EXERCISE DETAILS ▸ Retype all of the listing exactly, with no pictures.

*** Opening of WORKING DATA ***

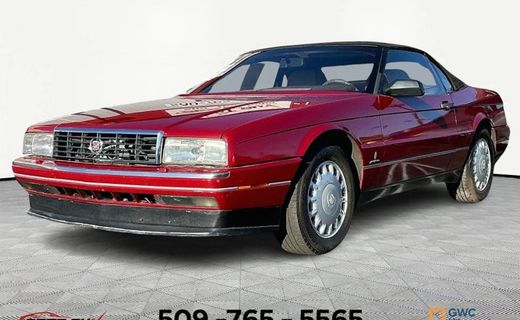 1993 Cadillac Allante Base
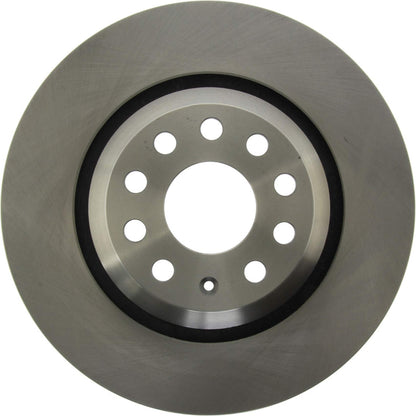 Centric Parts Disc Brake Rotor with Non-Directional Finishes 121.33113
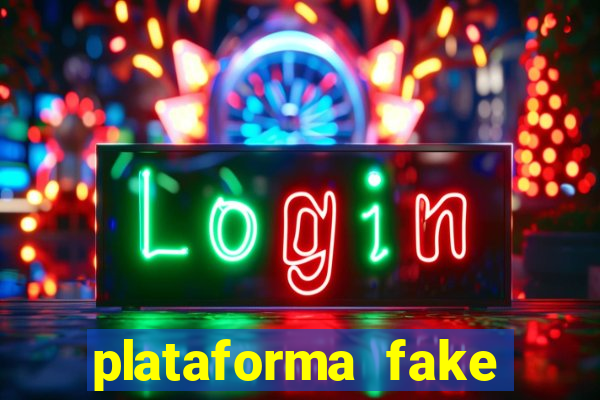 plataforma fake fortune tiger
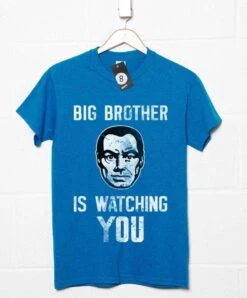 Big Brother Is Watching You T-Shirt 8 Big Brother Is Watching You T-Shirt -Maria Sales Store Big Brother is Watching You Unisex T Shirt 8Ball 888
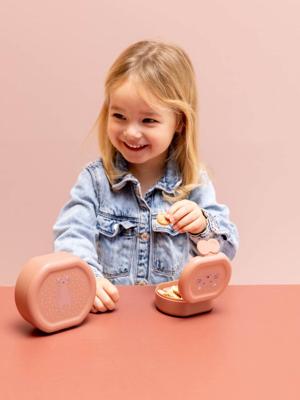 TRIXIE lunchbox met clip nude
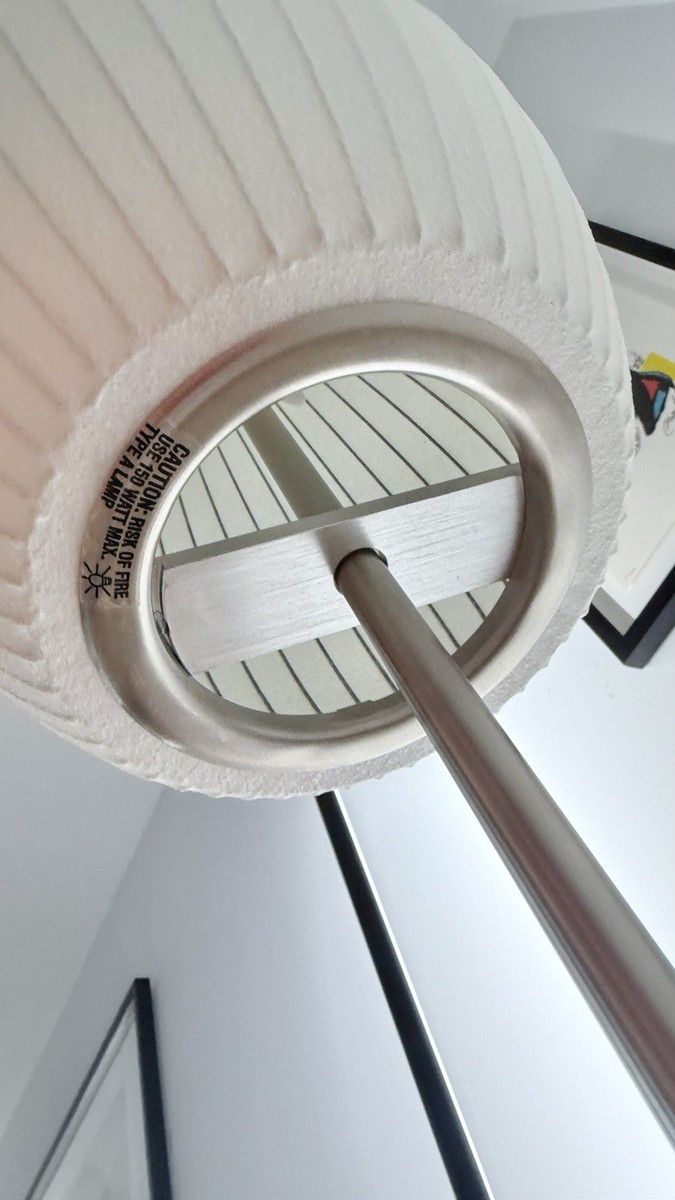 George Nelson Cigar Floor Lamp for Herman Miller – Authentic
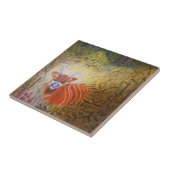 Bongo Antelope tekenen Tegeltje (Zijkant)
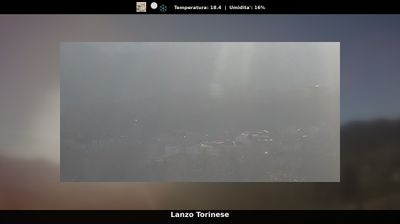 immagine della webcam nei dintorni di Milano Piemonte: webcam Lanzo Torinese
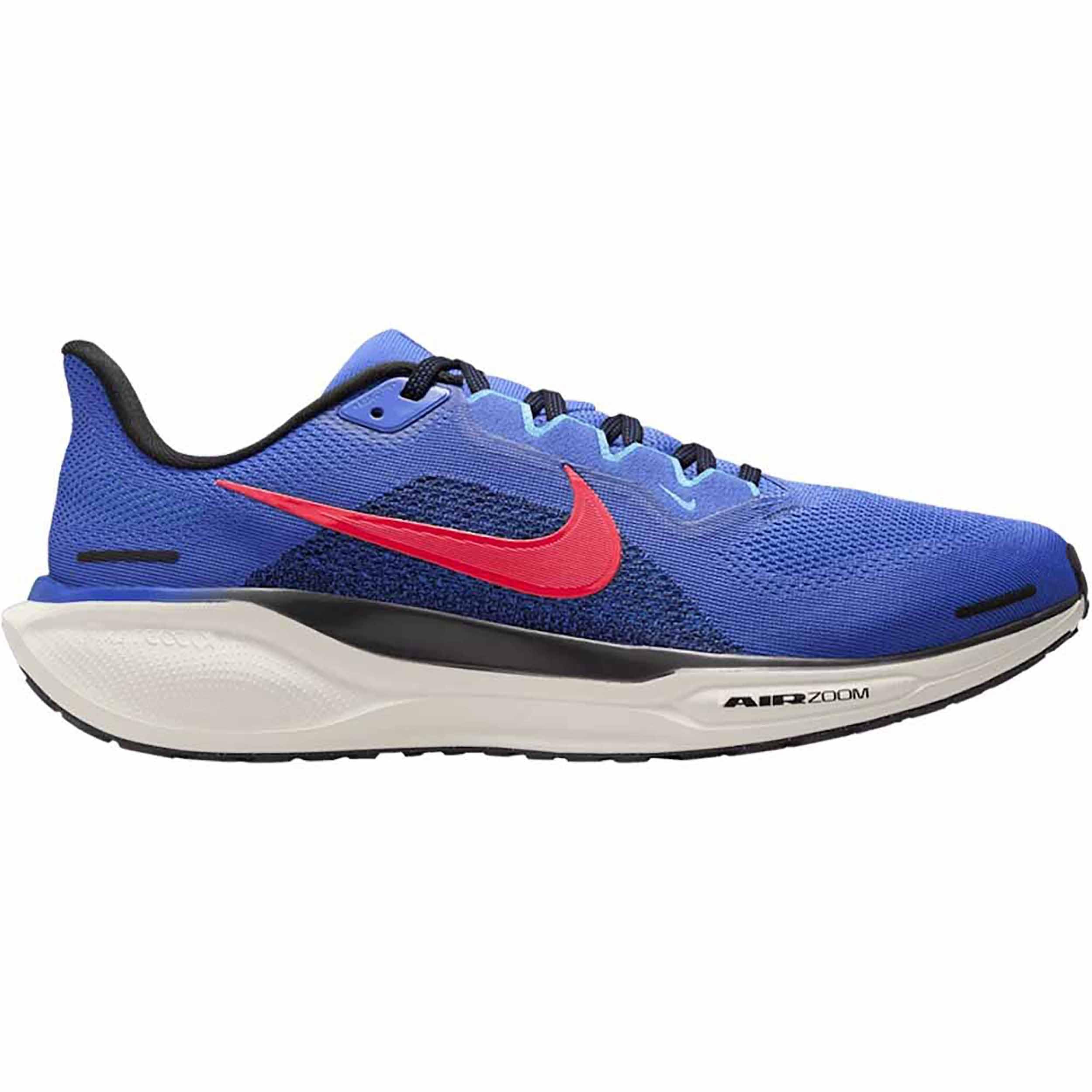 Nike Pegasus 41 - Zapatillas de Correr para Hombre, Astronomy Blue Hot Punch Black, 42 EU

*** Close of WORKING DATA ***

TASK OUTPUT ▸
 1993 Cadillac Allante Base
 Centric Parts Disc Brake Rotor with Non-Directional Finishes 121.33113
 plataforma fake fortune tiger
 Big Brother Is Watching You T-Shirt 8 Big Brother Is Watching You T-Shirt -Maria Sales Store Big Brother is Watching You Unisex T Shirt 8Ball 888
 TRIXIE lunchbox met clip nude
 George Nelson Cigar Floor Lamp for Herman Miller – Authentic
 Bongo Antelope tekenen Tegeltje (Zijkant)
 immagine della webcam nei dintorni di Milano Piemonte: webcam Lanzo Torinese
 Nike Pegasus 41 - Zapatillas de Correr para Hombre, Astronomy Blue Hot Punch Black, 42 EU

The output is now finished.